## WHAT YOU SHOULD DO
Any picture in the range stays out of the copy; retype exactly the lines from the one with "Heroes & Villains: The" to the end of the listing.

-------- DATA SECTION --------

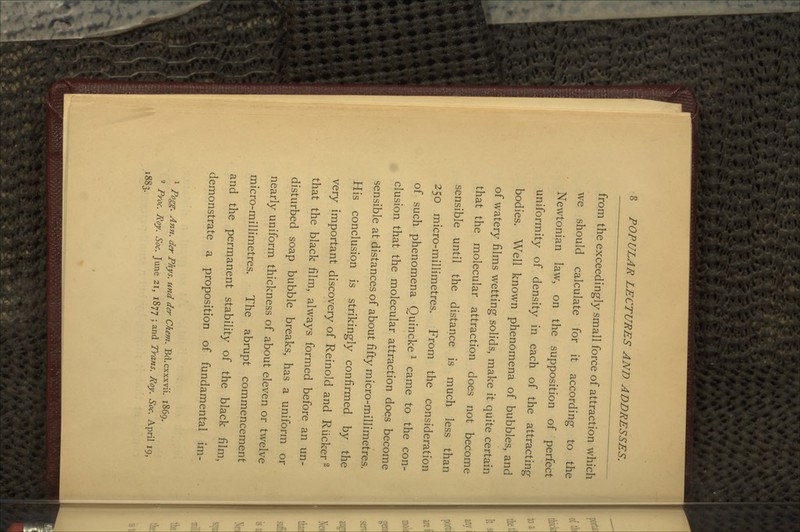 from the exceedingly small force of attraction which we should calculate for it according to the Newtonian law, on the supposition of perfect uniformity of density in each of the attracting bodies. Well known phenomena of bubbles, and of watery films wetting solids, make it quite certain that the molecular attraction does not become sensible until the distance is much less than 250 micro-millimetres. From the consideration of such phenomena QuinckeJ came to the con- clusion that the molecular attraction does become sensible at distances of about fifty micro-millimetres. His conclusion is strikingly confirmed by the very important discovery of Reinold and Riicker2 that the black film, always formed before an un- disturbed soap bubble breaks, has a uniform or nearly uniform thickness of about eleven or twelve micro-millimetres. The abrupt commencement and the permanent stability of the black film, demonstrate a proposition of fundamental im- - Ann. der Phys. und der Chem. Bd.cxxxvii. 1869. 2 Proc. Roy. Soc. June 21, 1877 ; and Trans. Roy. Soc. April 19, 1883.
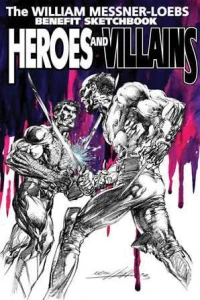 Heroes & Villains: The William Messner-Loebs Sketchbook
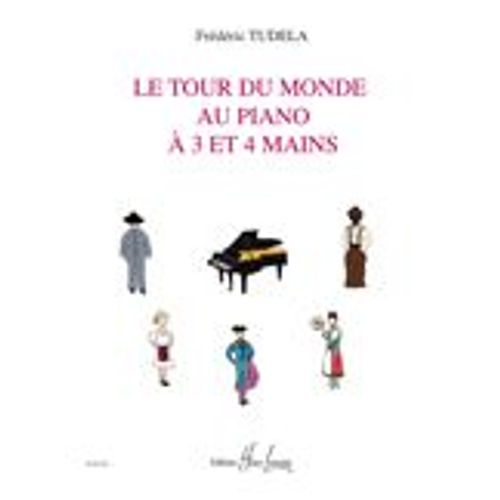 Tudela Le Tour Du Monde Au Piano À 3 Et 4 Mains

--------

## EXPECTED ANSWER
 Heroes & Villains: The William Messner-Loebs Sketchbook
 Tudela Le Tour Du Monde Au Piano À 3 Et 4 Mains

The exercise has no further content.